Exercise material Start Marker

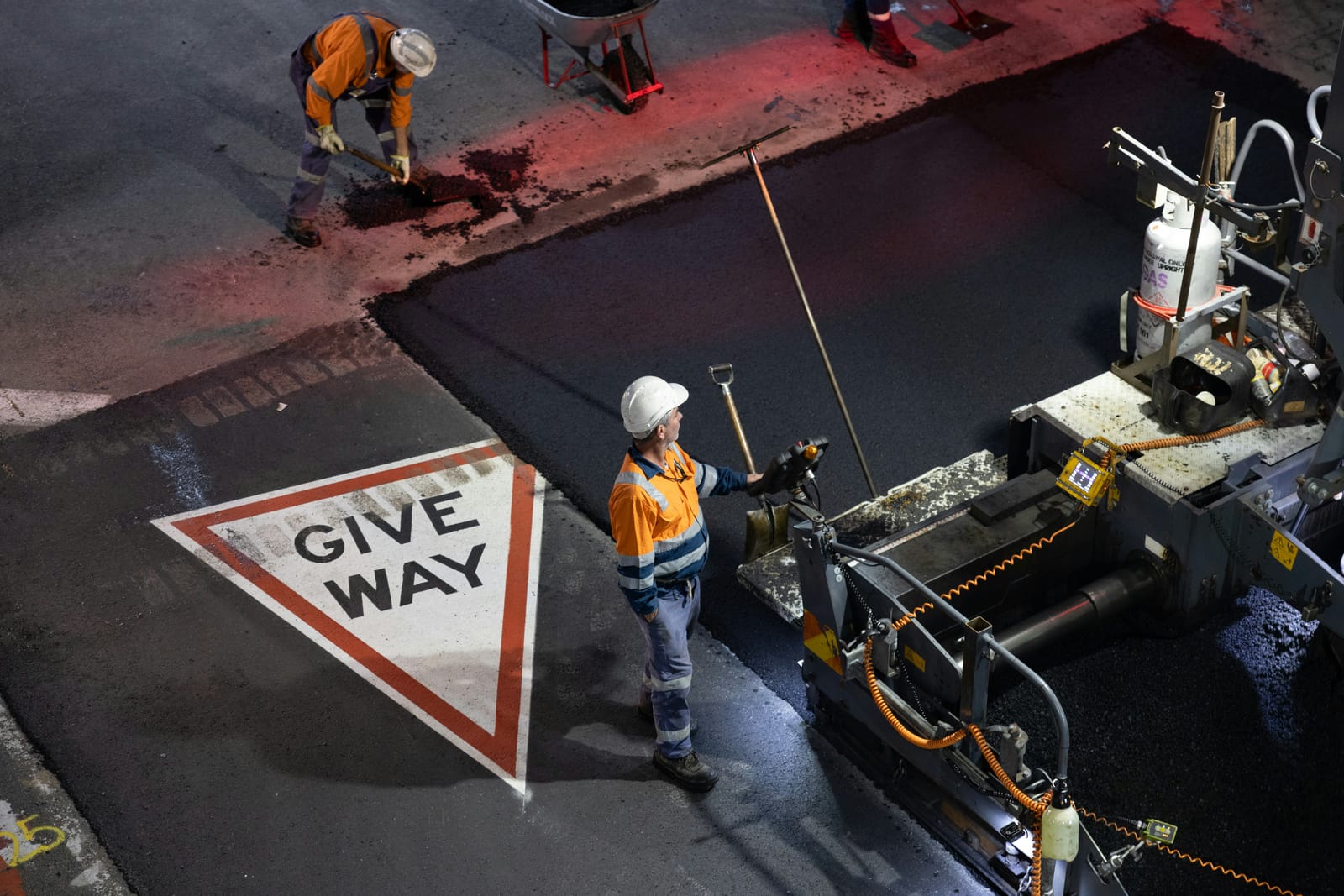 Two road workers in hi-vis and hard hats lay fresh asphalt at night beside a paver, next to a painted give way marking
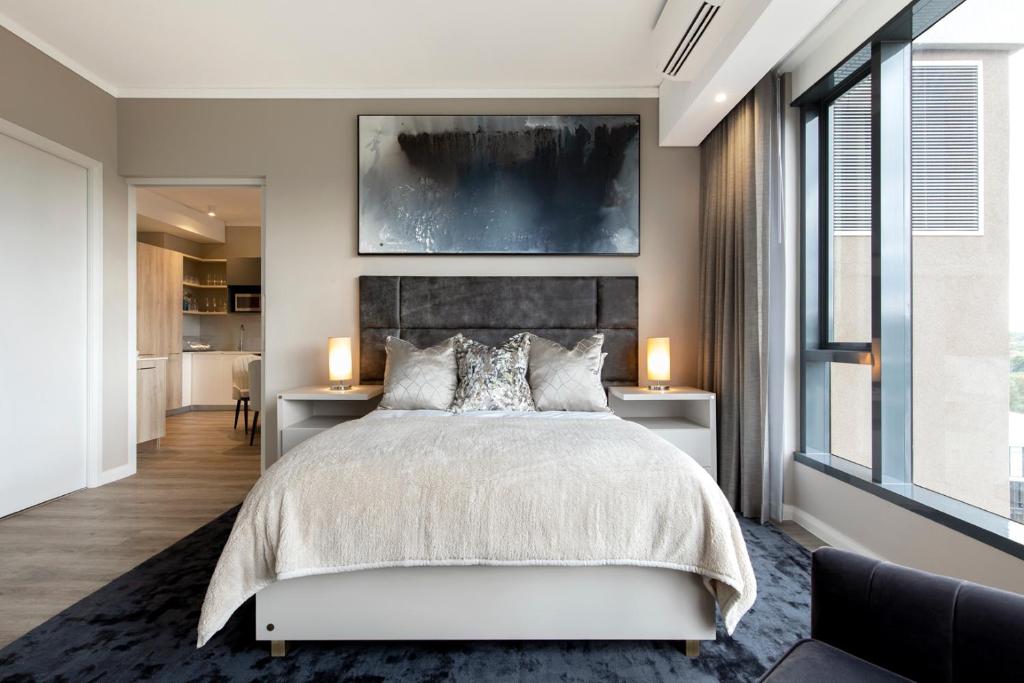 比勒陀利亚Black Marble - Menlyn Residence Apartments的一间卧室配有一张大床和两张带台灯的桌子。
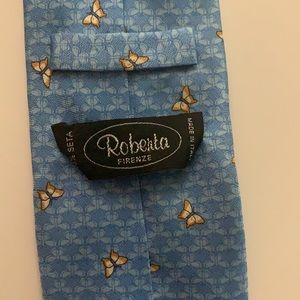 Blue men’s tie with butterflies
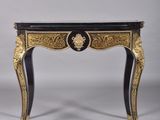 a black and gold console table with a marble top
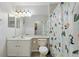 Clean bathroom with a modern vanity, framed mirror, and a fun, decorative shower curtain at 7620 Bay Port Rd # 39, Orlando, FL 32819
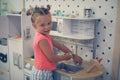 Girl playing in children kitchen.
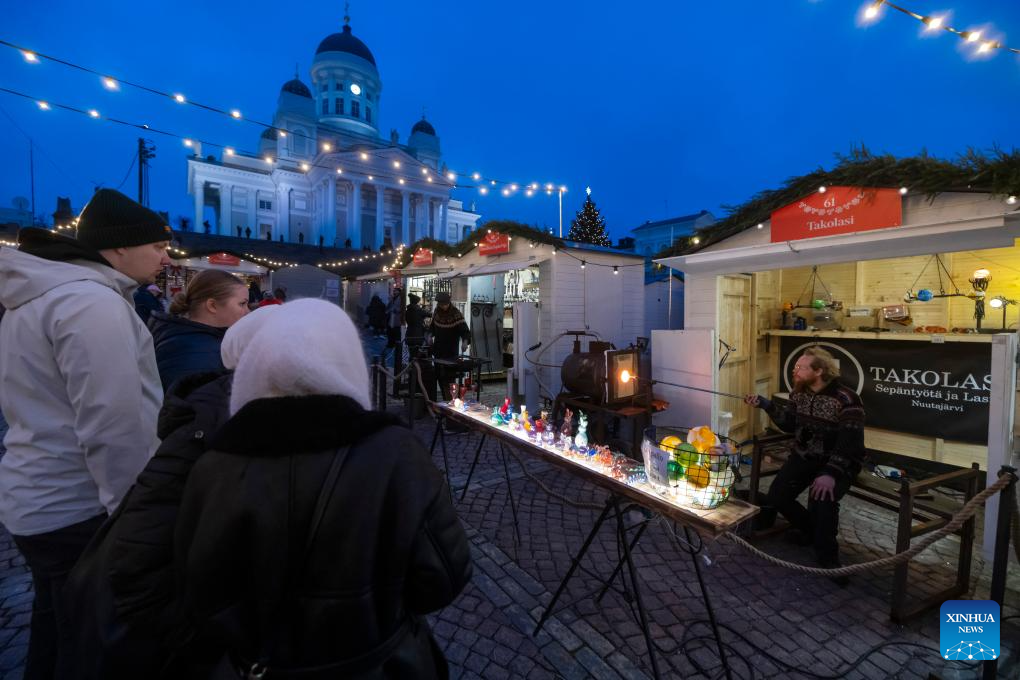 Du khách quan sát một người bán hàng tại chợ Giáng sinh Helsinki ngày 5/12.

Exercise material End Marker

* _What you are asked to do_
Reproduce the lines above exactly, please, but not the pictures in them.

* _Answer box_
 Two road workers in hi-vis and hard hats lay fresh asphalt at night beside a paver, next to a painted give way marking
 比勒陀利亚Black Marble - Menlyn Residence Apartments的一间卧室配有一张大床和两张带台灯的桌子。
 Blue men’s tie with butterflies
 a black and gold console table with a marble top
 Clean bathroom with a modern vanity, framed mirror, and a fun, decorative shower curtain at 7620 Bay Port Rd # 39, Orlando, FL 32819
 Girl playing in children kitchen.
 Du khách quan sát một người bán hàng tại chợ Giáng sinh Helsinki ngày 5/12.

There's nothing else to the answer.